The Councilmember stated [in the May 17th Hunterdon County Democrat newspaper] that he would like to see the Council draft a resolution in support of ethical campaigning; that the Council ban taking campaign money from “state organizations, county organizations or even private organizations because that money comes with strings attached.” While I agree with the sentiment he expressed, I was wondering if he understood the irony: The irony, of course, was that it was his Republican Party that had acted in the fall elections in the manner he found so offensive. It was his Party that made allegations of corruption that they knew were not true when they said it, said it anyway, and the newspapers declared were not true, also. His Party, not the Democratic Party.
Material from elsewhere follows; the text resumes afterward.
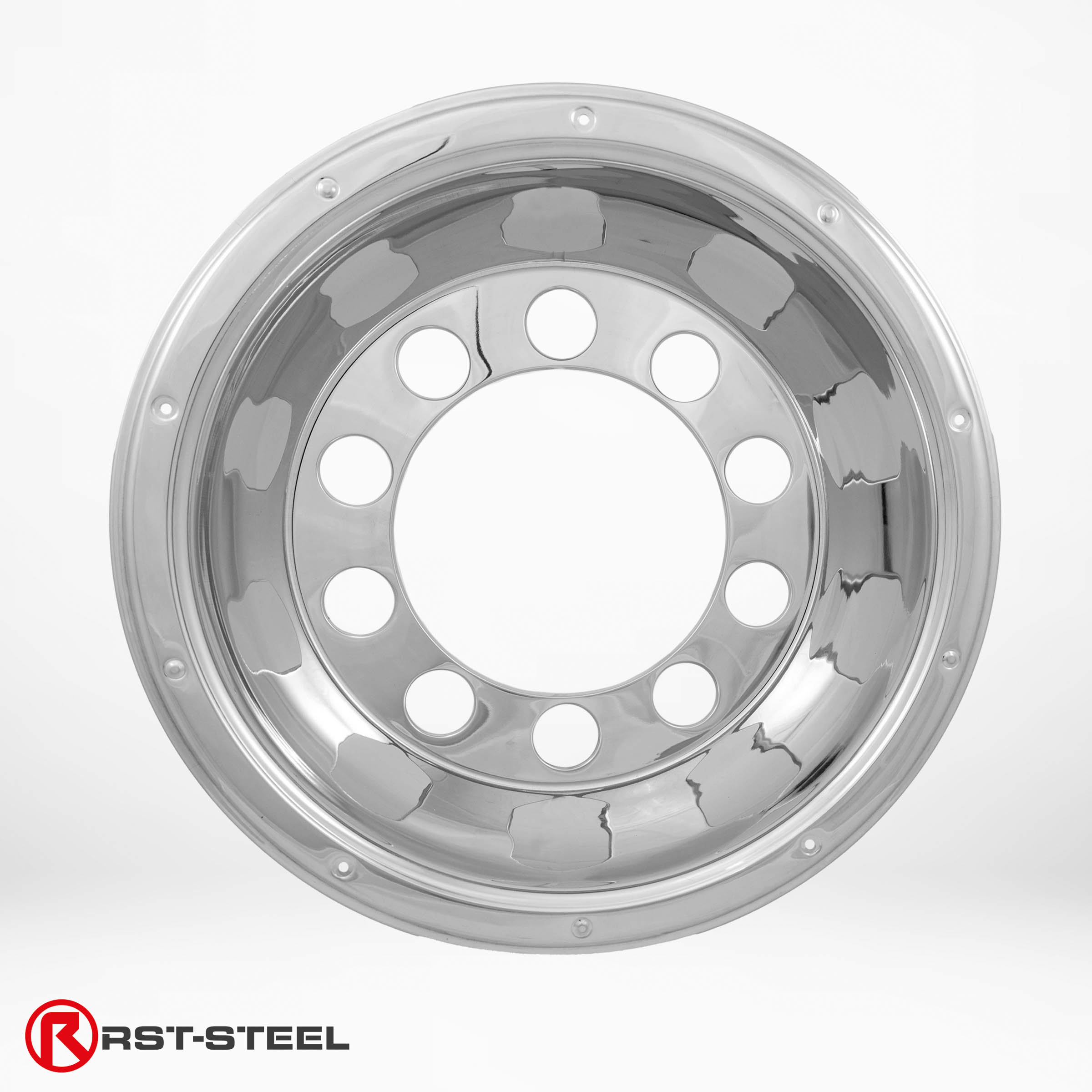 Wheel Covers 22,5" open center - Image 2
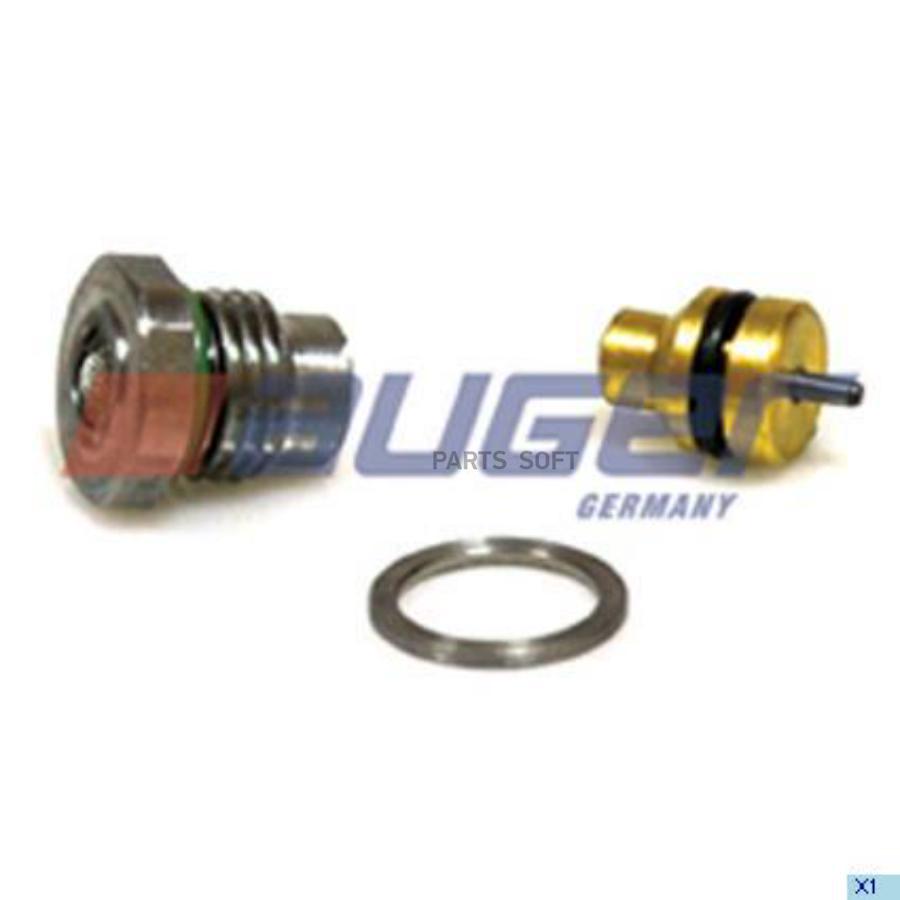 

Ремонтный Комплект, Опрокидывающий Цилиндр auger 55069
It was his Party which took substantial cash from a local attorney, and then rewarded him with a job as the Flemington Public Defender, and a place in the New Jersey pension system----those were the "strings attached”.
It was his Republican Party that over the years rewarded a local business owner with an economic development consultant contract worth close to $80,000 in return for her support in recent elections. More strings attached.
It was his Party which engaged in the campaign that the Courier News called the “nastiest ever” in Flemington ---- using Karl Rovian-type baseless personal attacks on the integrity and veracity of his Party’s Democratic opponents.
And it was his Party’s candidate who refused to sign an ethical campaign pledge in the February 2006 special election. His Party spent thousands more than the Democratic Party candidates, and moved political campaign cash around from the County Clerk’s campaign to the local Flemington campaign.
So, I think the answer to his concerns are, first, cleaning up the mess in his own Republican Party, and then see what the Borough Council can do. Such is the irony.
In the last quarter century, the American voting public has seen a disturbing trend take place: An alarming decrease in the percentage of those who are registered to vote going to the polls on Election Day. According to David Wallechinsky in Parade Magazine, "One of the more shocking statistics also relates to elections. In a recent survey of the percentage of voting-age citizens who actually cast a ballot in their country’s elections, the United States ranked only 139th out of the 172 nations that held elections." There is an equally alarming increase in the negative tone of campaigning and 'politics of personal destruction' in federal, state and especially in local campaigns. Such was the type of campaign conducted by his Party in Flemington.
I truly believe that in order to change this, we must begin locally at the grass roots level---within each political party.
Basic retail politics in local elections in Flemington used to be the traditional knocking on your neighbor's door, handing out flyers with good ideas for your community, and attending coffee gatherings in the local church or temple meeting room or school community room.
Unfortunately, this has been replaced by the same kind of negative tone and broad-based personal attacks that is typical of the 'Karl Rove/Swiftboat’ variety of campaigning in national elections. And that is not good. There are several things that residents can do right away:
Demand debates by local candidates, sponsored by the League of Women Voters. Letters to the Editor of the local community newspaper requesting in depth coverage of the local race and debate. A voluntary 'Truth in Campaigning' state-wide statute or local ordinance. Fair campaign practices. A "Clean Campaign Pledge" signed by the candidates. For some really great ideas, see an article by Seton Hall Law School Prof. Paula A. Franzese, the Chair of the New Jersey State Ethics Commission, at: http://www.cleancampaigns.net/3.html
Your elected officials, your local newspaper, and your neighbors can all be persuaded to do the right thing---and require the highest standards in New Jersey for clean political campaigns in local elections.